The U-123 moved around the stricken freighter’s stern and noted that a lifeboat was being lowered from the starboard side of the ship. But the Atik had not given up the fight. When U-123 turned to starboard, the Atik began firing her guns at the German submarine. The Atik’s cannon shots fell short of the submarine, but her .50-caliber machine guns scored a number of hits on the U-boat, killing a young midshipman who was standing on the bridge. The U-boat gradually moved away from the Atik and submerged. At 0229, the U-123 fired another torpedo at the Atik and scored a hit. But the tough merchant ship stubbornly clung to life. Even though she had settled by the bow and her single screw was out of the water, the Atik still would not go down. The U-123 surfaced at 0327 to see why the Atik was still afloat and at 0350 a huge explosion ripped through the merchant ship. What was left of the Atik went down, taking the bulk of her crew with her.

Shortly after this battle, a strong storm blanketed the area, preventing ships and planes from searching for survivors. No survivors from the Atik were ever found. The U-123 left the area after burying its only casualty at sea. It was not until after the war that translated German documents from the U-123 showed what had actually happened to the Atik.

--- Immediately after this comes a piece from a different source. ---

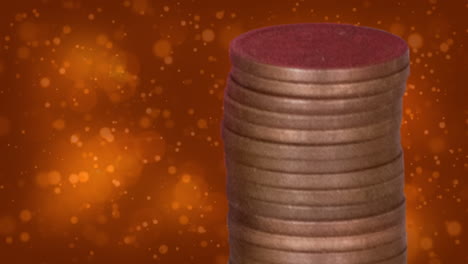 animación de puntos sobre una pila de monedas sobre un fondo naranja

In one of those many ironies in military history, the Atik’s sister ship, Asterion, was steaming in the same area when she heard the Atik’s distress call. The Asterion’s captain, Lt. Commander Glen W. Legwen, Jr., tried to come to the Atik’s assistance, but with a top speed of only 10 knots there was no way the Asterion could get there in time. By the time the Asterion got to the Atik’s last reported position, the battle was long over. The Asterion searched the area for 24 hours before a mechanical problem with her steering gear forced her to return to Hampton Roads for repairs.

The Asterion continued working as a Q-ship for a few more months but never encountered a German U-boat. On 14 October 1943, the entire program was officially canceled. The Asterion was assigned to the US Coast Guard and converted into a weather ship. The US Navy, along with President Roosevelt, decided to cut their losses and terminate this program, placing a greater emphasis on constructing more ocean-going escorts, such as destroyers, destroyer escorts, and corvettes. Unfortunately, this decision did not come in time to save the Atik or her crew.